The US’ ‘rebalancing’ strategy, coming into play at an opportune time, has exposed the threat of China’s attempt at the Finlandization of the continent’s rim areas. With a thriving economy and expanding military prowess, Beijing is no longer the ‘hidden’ dragon, and unlike USSR, it is here to stay. China has responded to the US’ Asian rebalance strategy by picking up squabbles with US allies such as Japan, South Korea and the Philippines, among others. Having earned the title of a ‘selective stakeholder’ in international politics, it expresses the reality of a new power in Asia that has the capacity to decouple the US from its allies region.
Nature of New Alliances
There are many alliances in effect in the region: The US-China bilateral; the US’ relationship with other nations in the region; China’s relationship with the regional countries; and the relationship dynamics between the countries in the region as well.
What will the new alliances look like in the backdrop of the US rebalancing act? Washington seeks alliances and relationships of various kinds at different levels to further its strategy it views as a multi-player game.

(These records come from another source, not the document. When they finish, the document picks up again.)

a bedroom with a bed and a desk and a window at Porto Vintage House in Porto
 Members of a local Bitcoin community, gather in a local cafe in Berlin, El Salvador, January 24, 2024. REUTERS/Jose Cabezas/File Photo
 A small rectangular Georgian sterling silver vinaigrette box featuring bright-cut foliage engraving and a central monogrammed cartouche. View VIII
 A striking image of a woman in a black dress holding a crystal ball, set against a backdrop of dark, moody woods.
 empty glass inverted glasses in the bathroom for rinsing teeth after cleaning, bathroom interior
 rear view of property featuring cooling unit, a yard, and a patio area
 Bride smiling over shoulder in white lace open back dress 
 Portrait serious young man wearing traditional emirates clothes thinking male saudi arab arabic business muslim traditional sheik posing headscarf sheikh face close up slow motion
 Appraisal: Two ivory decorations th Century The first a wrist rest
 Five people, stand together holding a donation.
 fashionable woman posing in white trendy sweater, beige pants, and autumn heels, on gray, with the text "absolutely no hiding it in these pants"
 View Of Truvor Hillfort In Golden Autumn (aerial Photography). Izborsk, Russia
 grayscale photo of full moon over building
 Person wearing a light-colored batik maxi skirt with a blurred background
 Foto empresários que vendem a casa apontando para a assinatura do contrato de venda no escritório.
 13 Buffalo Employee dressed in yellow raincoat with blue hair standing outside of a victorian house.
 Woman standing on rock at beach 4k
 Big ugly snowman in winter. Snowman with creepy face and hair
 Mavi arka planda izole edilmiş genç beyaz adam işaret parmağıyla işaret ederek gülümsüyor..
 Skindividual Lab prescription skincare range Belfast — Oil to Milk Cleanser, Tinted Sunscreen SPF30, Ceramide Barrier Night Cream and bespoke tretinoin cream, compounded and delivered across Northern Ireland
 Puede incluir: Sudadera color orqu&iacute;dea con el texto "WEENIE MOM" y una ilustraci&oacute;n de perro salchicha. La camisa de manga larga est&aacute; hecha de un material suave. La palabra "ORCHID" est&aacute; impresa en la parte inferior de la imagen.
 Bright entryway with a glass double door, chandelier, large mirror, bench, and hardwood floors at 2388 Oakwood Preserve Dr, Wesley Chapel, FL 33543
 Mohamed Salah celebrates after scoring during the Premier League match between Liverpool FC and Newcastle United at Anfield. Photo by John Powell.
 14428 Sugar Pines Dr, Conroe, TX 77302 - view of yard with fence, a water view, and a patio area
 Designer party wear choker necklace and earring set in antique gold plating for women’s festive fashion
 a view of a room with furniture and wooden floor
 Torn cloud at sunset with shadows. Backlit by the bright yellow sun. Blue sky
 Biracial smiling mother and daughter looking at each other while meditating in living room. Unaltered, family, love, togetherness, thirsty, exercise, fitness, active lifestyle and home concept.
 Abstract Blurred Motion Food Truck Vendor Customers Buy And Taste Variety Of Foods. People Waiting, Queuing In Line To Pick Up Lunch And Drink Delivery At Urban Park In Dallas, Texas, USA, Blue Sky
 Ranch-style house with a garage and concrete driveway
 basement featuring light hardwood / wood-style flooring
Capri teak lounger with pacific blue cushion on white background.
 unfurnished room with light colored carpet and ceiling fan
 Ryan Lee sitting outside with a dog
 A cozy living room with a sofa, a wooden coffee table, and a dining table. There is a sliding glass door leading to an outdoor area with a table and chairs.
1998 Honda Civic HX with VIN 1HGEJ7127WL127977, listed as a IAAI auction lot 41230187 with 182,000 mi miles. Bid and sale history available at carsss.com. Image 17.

Since the individual regional countries cannot directly balance China, these states would bandwagon with the US to counter the Chinese threat. One potential alliance that could emerge is that between Japan, India, and Australia. They would require the US in this endeavour as well. Another potential alliance could be a trilateral agreement between the US, Japan and South Korea – or the ‘Security Trilemma’ – that could be further expanded to include Thailand, the Philippines, and Vietnam to deal with the unresolved issues with China, vis-à-vis the South China Sea.
There is a possibility of China responding to this new milieu by bringing Russia, North Korea, Myanmar and Cambodia on board to deal with issues pertaining to East Asia. Any involvement of the US to build alliances against Beijing will give rise to tensions.
The US’ Predicament
The US, after its interventions in Iraq and Afghanistan, its domestic economic slump, is a tired nation, and does not want to get into a new conflict, especially not with China. Also, since ‘rebalancing’ is not about isolating or containing Beijing, but engaging it, Washington’s cosiness with Beijing is sure to unnerve US’s allies and partners. Similarly, Washington’s ‘hedging’ strategy to deepen its alliance with friends and partners will certainly unnerve China. The problem gets further compounded when these allies want the US to defend them against Chinese depredations but do not want Washington to do anything that will put their productive economic linkages with Beijing, at risk.
In this regard, India and Pakistan also would not provide any relief to the US. Despite being a ‘strategic partner’ of the US, India would prefer to maintain its strategic autonomy even when overtly challenged by China along the Sino-Indian border. Islamabad, which considers China its ‘all-weather friend’ would remain committed to Beijing and bamboozle the US to receive more funds and aid.
This raises the obvious question about the future and sustainability of such alliances, given how they may not always be mutually exclusive. For countries that have eventful histories and seek independent destinies – such as India, Japan, South Korea and Australia – success of the US rebalancing strategy is vital. However, the US’ silence over certain territorial disputes between China and its allies bring into question the exclusivity and fluidity of such alliances. In fact, Myanmar, a long-time friend of China is now slowly opening up to the West.
The US’ engagement in the region should thus be geographically distributed, operationally resilient and politically sustainable. To succeed in its endeavour, Washington has to find a ‘Goldilocks’ strategy, whereby it is not too hard and not too soft on China, as well as not too coercive and not too indifferent towards regional partners. The triumph of this calculation in Asia becomes imperative for the two reasons: to preserve peace as in the region 3 billion people call home, and also towards the future of the global order.